梯度,The gradients tell us how much we have to change each weight to make our model better. It is essentially a measure of how the loss function changes with changes of the weights of the model (the derivative).
19.Do you need to know how to calculate gradients yourself?
不需要,pytorch能自动计算
20.Why can’t we use accuracy as a loss function?
预测准确性只有在预测结果变化时才会改变,对于模型的细微改变,如预测的置信度变化时,并不会改变预测结果,此时梯度为0,无法进一步对模型进行优化。
21.Draw the sigmoid function. What is special about its shape?
取值范围为0-1
22.What is the difference between a loss function and a metric?
loss function用于模型训练,metric用于衡量模型性能
23.What is the function to calculate new weights using a learning rate?
optimizer step function
24.What does the DataLoader class do?
The DataLoader class can take any Python collection and turn it into an iterator over many batches.
25.Write pseudocode showing the basic steps taken in each epoch for SGD.
for x, y in dl:
pred = model(x)
loss = loss_func(pred, y)
loss.background()
parameter -= parameter.grad * lr
26.Create a function that, if passed two arguments [1,2,3,4] and ‘abcd’, returns [(1, ‘a’), (2, ‘b’), (3, ‘c’), (4, ‘d’)]. What is special about that output data structure?
def func(x, y): return list(zip(x, y))
27.What does view do in PyTorch?
reshape
28.What are the “bias” parameters in a neural network?
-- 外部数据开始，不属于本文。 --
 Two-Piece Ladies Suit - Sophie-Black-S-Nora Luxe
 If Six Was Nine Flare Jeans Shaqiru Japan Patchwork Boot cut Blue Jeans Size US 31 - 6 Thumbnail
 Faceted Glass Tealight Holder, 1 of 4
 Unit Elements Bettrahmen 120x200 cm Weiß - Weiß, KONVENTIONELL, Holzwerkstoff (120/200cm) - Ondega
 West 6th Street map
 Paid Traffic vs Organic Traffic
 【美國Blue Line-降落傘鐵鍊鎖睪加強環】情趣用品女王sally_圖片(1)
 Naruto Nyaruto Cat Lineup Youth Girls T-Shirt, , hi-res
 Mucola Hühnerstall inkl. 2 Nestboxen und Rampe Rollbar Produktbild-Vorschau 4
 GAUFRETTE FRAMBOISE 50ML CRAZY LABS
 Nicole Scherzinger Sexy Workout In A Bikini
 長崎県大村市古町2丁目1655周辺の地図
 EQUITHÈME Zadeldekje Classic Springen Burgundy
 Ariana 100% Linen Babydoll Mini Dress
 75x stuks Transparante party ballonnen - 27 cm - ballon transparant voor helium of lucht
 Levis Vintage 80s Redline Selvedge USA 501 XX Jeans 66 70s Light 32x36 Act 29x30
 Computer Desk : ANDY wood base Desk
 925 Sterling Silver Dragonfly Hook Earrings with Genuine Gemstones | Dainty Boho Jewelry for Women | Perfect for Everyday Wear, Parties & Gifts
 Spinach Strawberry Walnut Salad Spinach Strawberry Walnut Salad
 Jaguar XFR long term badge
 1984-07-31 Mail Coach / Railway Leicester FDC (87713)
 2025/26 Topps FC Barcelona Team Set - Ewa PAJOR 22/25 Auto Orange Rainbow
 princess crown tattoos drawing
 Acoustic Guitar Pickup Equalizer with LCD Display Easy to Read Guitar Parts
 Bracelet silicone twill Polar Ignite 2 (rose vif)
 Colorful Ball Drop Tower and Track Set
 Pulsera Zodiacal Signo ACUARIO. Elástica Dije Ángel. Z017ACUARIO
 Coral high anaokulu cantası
Why do we need them?
避免输入为0时输出永远为0,也可以拓展模型适用性
29.What does the @ operator do in Python?
矩阵乘法
30.What does the backward method do?
计算梯度
31.Why do we have to zero the gradients?
PyTorch 会将变量的梯度添加到之前存储的梯度中。如果多次调用训练循环函数,而不将梯度归零,则当前损失的梯度将被添加到先前存储的梯度值中
32.What information do we have to pass to Learner?
dataloader, model, optimize function, loss function, metrics
33.Show Python or pseudocode for the basic steps of a training loop.
def train_epoch(model, lr, params):
for xb, yb in dl:
calc_grad(xb, yb, model)
for p in params:
p.data -= p.grad * lr
p.grad.zero_()
for i in range(20):
train_epoch(model, lr, params)
34.What is “ReLU”? Draw a plot of it for values from -2 to +2.
Relu,负数->0,其他->本身
35.What is an “activation function”?
激活函数,用于给神经网络模型提供非线性
36.What’s the difference between F.relu and nn.ReLU?
F.relu是一个Python函数,nn.Relu是pytorch类
37.The universal approximation theorem shows that any function can be approximated as closely as needed using just one nonlinearity. So why do we normally use more?
There are practical performance benefits to using more than one nonlinearity. We can use a deeper model with less number of parameters, better performance, faster training, and less compute/memory requirements.